Statutory rights include the right not to be unfairly dismissed (which applies in most cases after an employee has been with you for a year) and the right not to be discriminated against on various grounds (which applies regardless of length of service). Therefore, before dismissing someone for any reason, you must ensure that you at least understand what, if any, rights that employee may have in the circumstances and what you will need to do to minimise the risk of breaching any of those rights if you do go ahead and dismiss.
This question raises many potential risks and in order to be able to answer it, further questions need to be asked in return. These include:
- Why does no one like this person?
- What, if anything, has already been done to address the issue?
- How long has this person been employed by you?
- What does their contract of employment say about termination?
If the reason that no one likes an employee is directly or indirectly because of their race, nationality, sex, religion or belief, disability or sexual orientation, the fact that they work part time or on a fixed term basis or (from October this year) because of their age, then dismissing them will constitute unlawful discrimination on the relevant ground (and will almost certainly be an unfair dismissal). This will expose you to a possible award being made against you of unlimited compensation.
If, however, the reason that no one gets on with the employee is not for one of the reasons outlined above (i.e. they don’t pull their weight, they are a bully or for some other reason that could not be construed as one of the factors referred to above), then it may be possible to dismiss the employee without incurring significant cost. The statutory right that you will have to worry about will be limited to the right not to be unfairly dismissed.
There are five fair reasons for dismissal and an employee will only be able to claim that they have been unfairly dismissed if they have worked for you for a year or more.

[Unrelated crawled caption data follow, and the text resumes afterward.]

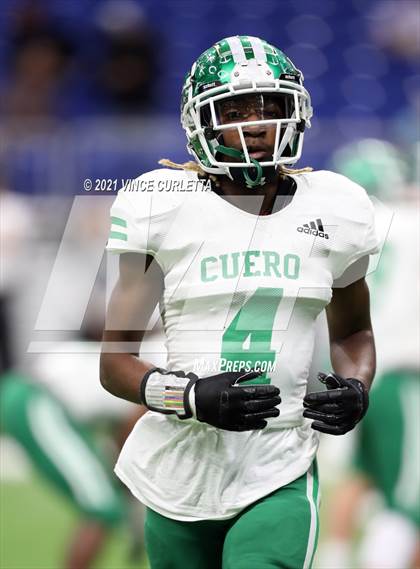 Thumbnail 3 in Wimberley vs. Cuero (UIL 4A D2 Regional Playoff) photogallery.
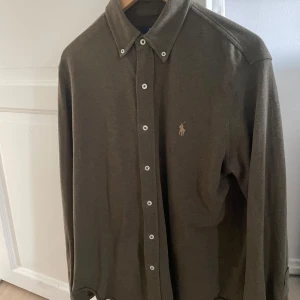 Ralph Lauren skjorta  - Ralph Lauren skjorta i featherweight mesh, strl M. Nyskick, nypris 1795 kr 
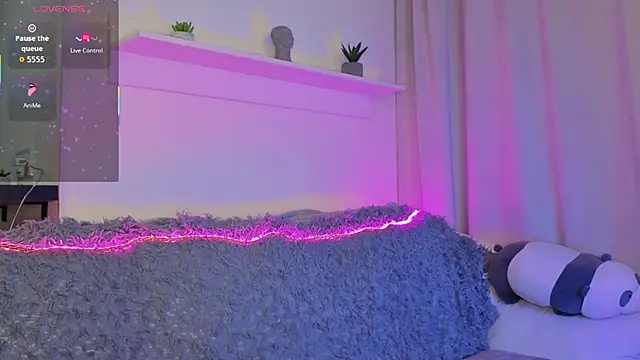 Živý XXX chat _Lua__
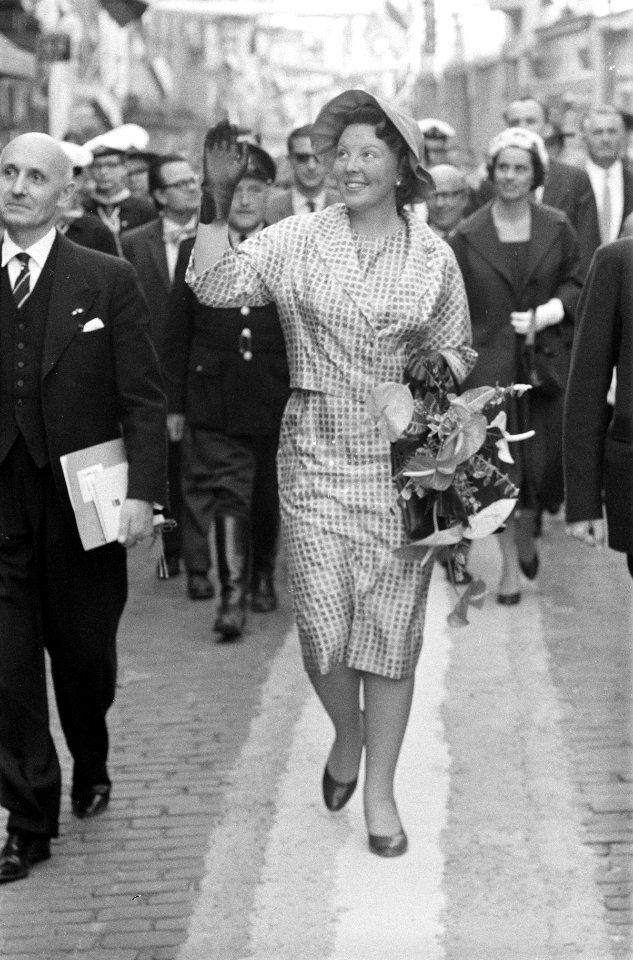 Prinses Beatrix bezoekt Limburg, Prinses Beatrix loopt over loper van zand door , Bestanddeelnr 911-2266
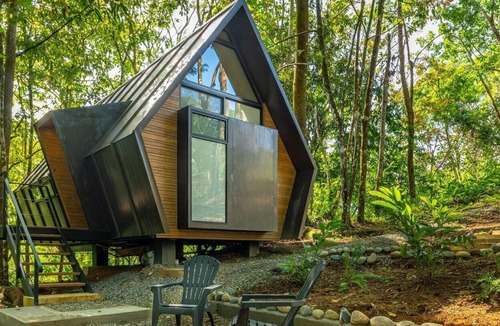 Ojochal Villa | Unique Jungle "Nest". Unplug. Unwind. Renew in a World-Class Yoga Retreat Property
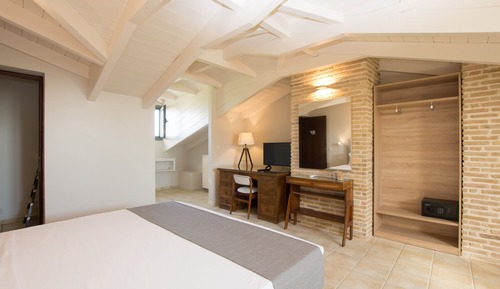 Signature Attic Suite, 2 Bedrooms, Partial Sea View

So, if the employee has been with you for less than a year, as long as you give them the relevant period of notice specified in their employment contract and they leave before the first anniversary of their start date, that should be the end of it. If they have been with you for more than a year, however, things are more complex.
One of the five fair reasons for dismissal is a catch-all “some other substantial reason”. It has been accepted that dismissing someone because they do not fit in and are unpopular with other workers does fall under that heading.
However, to dismiss someone fairly in such circumstances, you would need to demonstrate that you had thoroughly investigated the alternatives to dismissal (i.e. re-deployment or tackling the root cause of their unpopularity and had consulted fully with the employee concerned) and that the decision to dismiss was a reasonable one in the circumstances.
Failure to do so will expose you to the risk of a successful unfair dismissal claim, which could result in an order that the employee is re-employed by you or that you pay the employee compensation of up to £67,100.
The alternative solution, of course, would be to dismiss the person anyway in accordance with the terms of their contract and then settle whatever claim they may bring (if any) with an appropriate amount of compensation and a binding settlement agreement.